Enseignant-chercheur au département des sciences de la vie et de la terre à l’Ecole normale supérieure (ENS), Giuseppe Ludovic Tonini Mewono Mewono s’est invité dans le débat autour de l’Immunorex-DM28. Pédagogue dans le libre-propos ci-après, ce diplômé en biotechnologies microbiennes et cellulaires a axé son plaidoyer sur les différentes étapes de la recherche clinique, pour une meilleure compréhension des enjeux.

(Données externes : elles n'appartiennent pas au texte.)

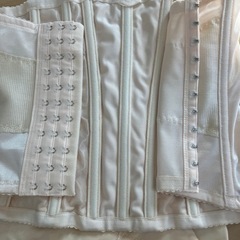 フォーシスウェディング矯正下着の画像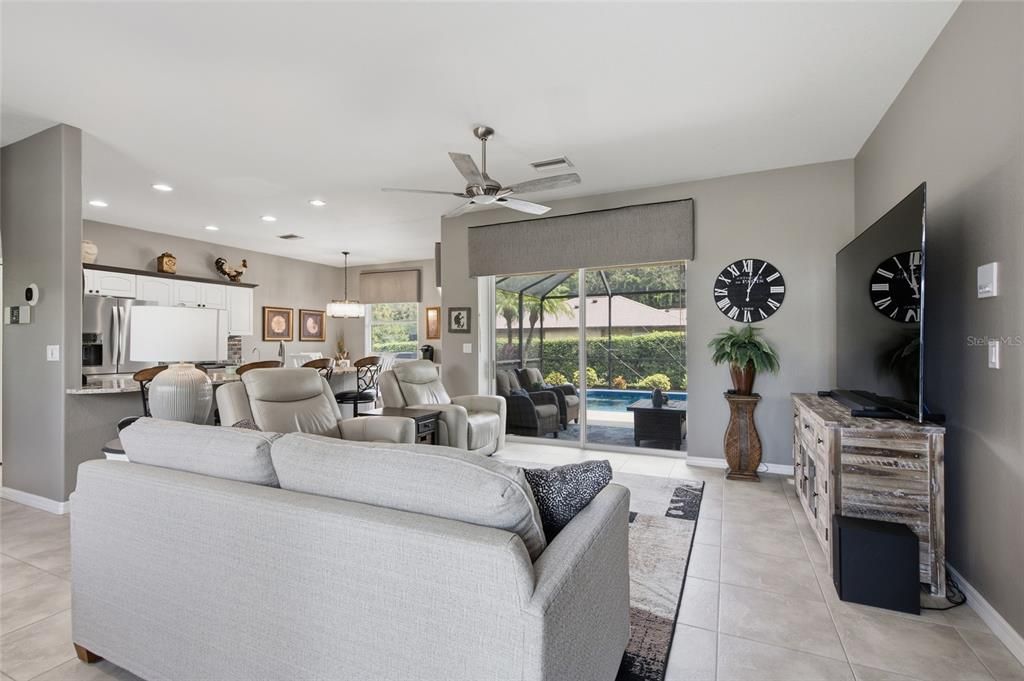 For Sale: $424,900 (3 beds, 2 baths, 1531 Square Feet)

A première vue, tout porte à croire que le Pr Donatien Mavoungou est la cible d’une cabale orchestrée par des mains noires, qui ne voient pas d’un bon œil qu’un Africain leur arrache le beefsteak de la bouche. Les choses sont-elles si simples ? Assurément non. Que reproche-t-on à Immunorex-DM28 ? Les pourfendeurs du Pr Mavoungou lui font le grief de ne pas disposer d’éléments nécessaires supportant la mise sur le marché de tout médicament. Lesdits éléments nécessaires découlant des résultats des études précliniques et cliniques.
Dans tous les cas, une bonne lecture de la situation commande de faire un détour par les fondamentaux du développement des médicaments. Le développement d’un médicament est un processus long et strictement encadré, normé et standardisé. C’est donc à mille lieues d’une hypothétique auberge espagnole. Il apparait conséquemment que les différentes étapes de ce processus sont rigoureusement codifiées.

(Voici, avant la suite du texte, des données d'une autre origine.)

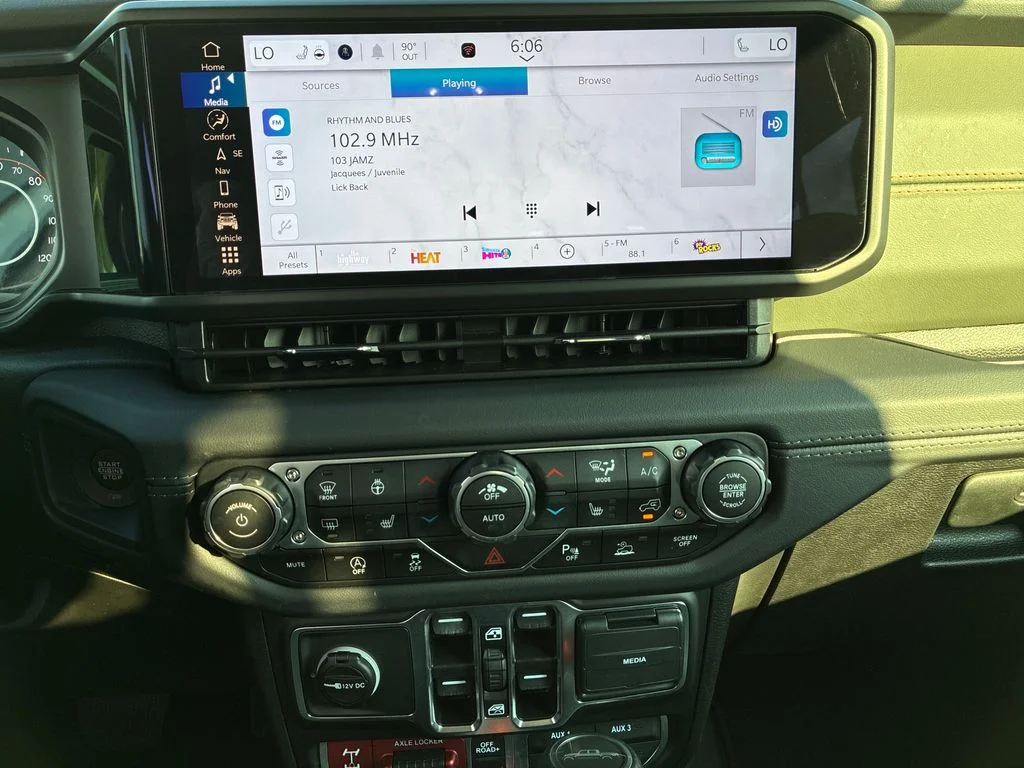 Used 2025 Black Jeep Mojave image 23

De manière synthétique, le processus de développement d’un médicament peut se résumer en trois grandes phases : (i) les phases de découverte du médicament, (ii) la phase préclinique et (iii) la phase clinique. Les phases pré- cliniques et cliniques se distinguent l’une de l’autre par le fait que la première est effectuée sur des animaux de laboratoire, alors que la seconde est réalisée sur l’être humain.
En amont de la phase pré- clinique, il y a un ensemble de travaux de recherche fondamentale in vitro ou in silico, dont les résultats permettront ou pas la mise en route de la phase préclinique. Cette étape est parfois désignée sous l’anglicisme “proof-of-concept”. C’est d’elle dont vont dépendre les étapes suivantes.
Pour ainsi coller au débat, ce libre-propos voudrait se focaliser sur la phase clinique, donc à l’ensemble des étapes qui se déroulent sur l’homme. Pour ce faire et, pour la clarté de notre propos, il convient de définir le médicament et la recherche clinique.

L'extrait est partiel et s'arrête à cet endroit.